Wednesday, February 11, 2026

After the Hunt (Luca Guadagnino, 2025)

 

Many reviewers responded to After the Hunt as if Luca Guadagnino had temporarily forgotten how to direct, and the film certainly lacks the seamless, sink-in stylishness of Challengers or Call Me by Your Name; possibly indeed seeming at times (noting for example its lurching, too-close close-ups, indifferent framings and peculiar fixation on hands) downright shoddy. But greater reflection and open-mindedness suggests a sly strategy on the director’s part, indicated early on by the precise use of Woody Allen-style opening credits, and at the very end by an audible “Cut,” both making small contributions to a foregrounding of artifice and provocation that’s evident in everything from the chaotically piling-up narrative to the barely-controlled performances (the question of whether the actors are “good” hardly seems relevant). The film initially teases us with the promise of a cozy institutional saga, immersing us in a Yale philosophy department characterized by strong, flirtatious collegiality and spiky banter, soon disrupted by a student’s accusation of sexual assault against a teacher; from there it’s consistently expectation-defying in its treatment of the core premise (for example making little real attempt to engage with the facts and perspectives underling the allegation, let alone to resolve them), along the way snatching away points of certainty, throwing in much that’s mainly bewildering, ending up in a place that seems barely explicable on its own terms, let alone as a logical outgrowth of what preceded it. One certainly registers at the end though how the initial warmth and sense of connection has been replaced by distance and isolation (the final scene takes place in a diner that we previously saw bustling but is now deserted, and with snow outside yet!), seemingly suggesting that the kinds of stridently entitled machinations depicted in the film, however all-consuming at the time, are ultimately detrimental to one’s social positioning and basic contentment.

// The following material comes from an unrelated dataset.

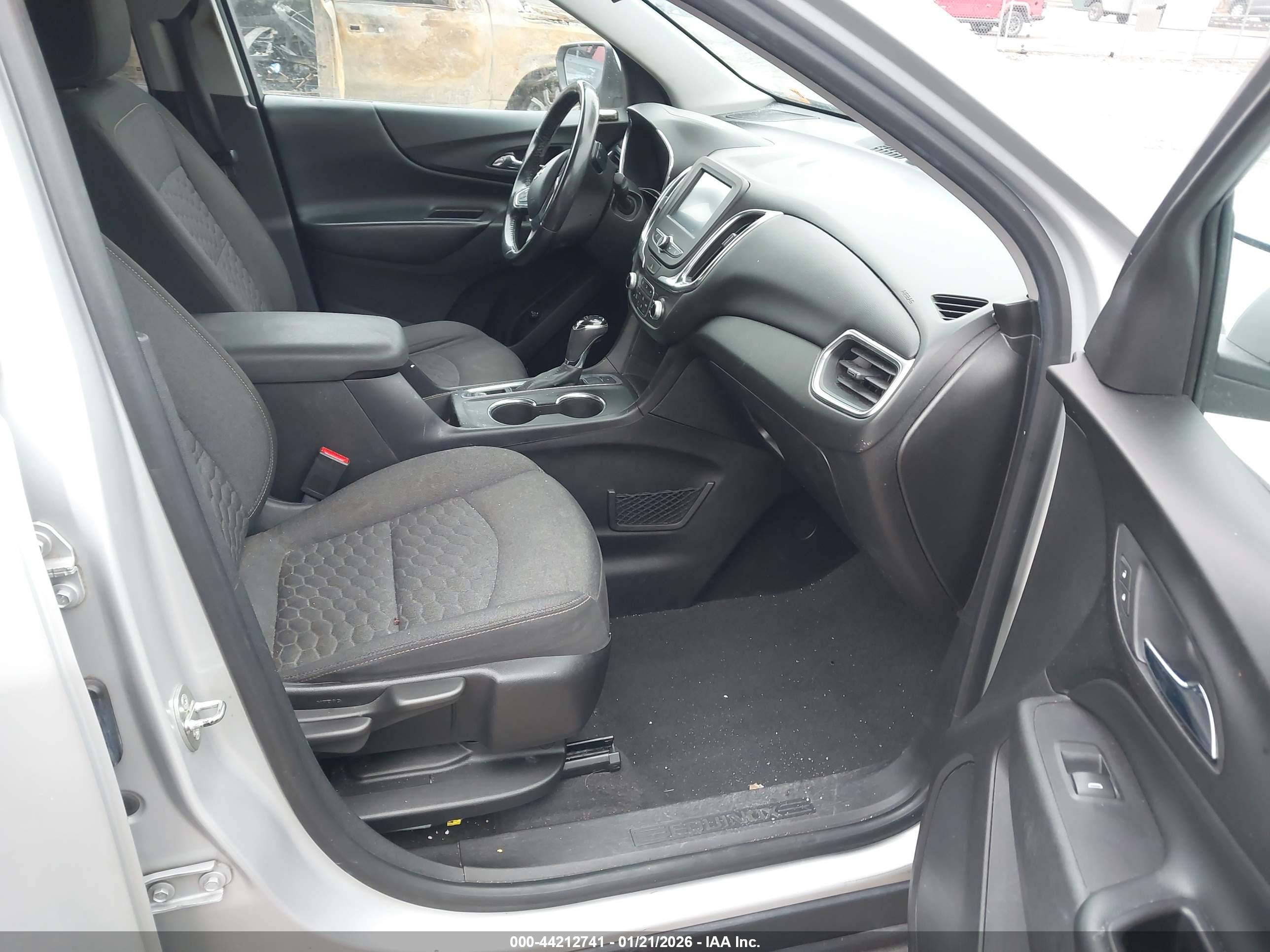 CHEVROLET EQUINOX image 5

Wednesday, February 4, 2026

Annette (Leos Carax, 2021)

 

Even by modern-day standards, the closing credits of Leos Carax’s Annette feel unusually prolonged, especially as the film sticks in the mind as a relatively “small” and intimate one (notwithstanding its splashes of grandeur), an impression cemented by the opening (the most straightforwardly enjoyable part of the movie) in which the two principals of Sparks, the three leads, the director and his daughter Nastya and a few others march out of the studio and into the street while singing an opening song. The real-life father-daughter presence seems to promise autobiographical revelation ahead, but if so, it’s fairly depressing in nature given what transpires, a downbeat story of a romance between Henry, a comedian/performance artist (Adam Driver), and opera singer Ann (Marion Cotillard) that generates a child with an ethereal singing talent, even as the family becomes mired in tragedy and murder. The film often seems most audacious in its withholding quality, its refusal to straightforwardly entertain (summed up by the scene in which singing prodigy baby Annette is booked for the Super Bowl half time show and then refuses to do anything, except to denounce her father for his crimes). One registers one aspect after another in which the fabric feels defiantly dour: Henry’s act is at best angry and abrasive and often downright audience-hostile, the clips of Ann’s performances sterile by comparison; the device of having Annette played by a puppet counts for surprisingly little (the manipulation of Annette’s strange talent by her father is hardly made more resonant by such a distancing device), and her replacement by a real girl in the end only confirms the wretched isolation lying ahead for Henry). The closing credits return to celebratory mode, the cast and crew inviting us if we liked the film to tell a friend about it, or failing that to tell a stranger, but the camera’s slow journey up into the beyond seems to embody the faint hope of soliciting too many such recommendations.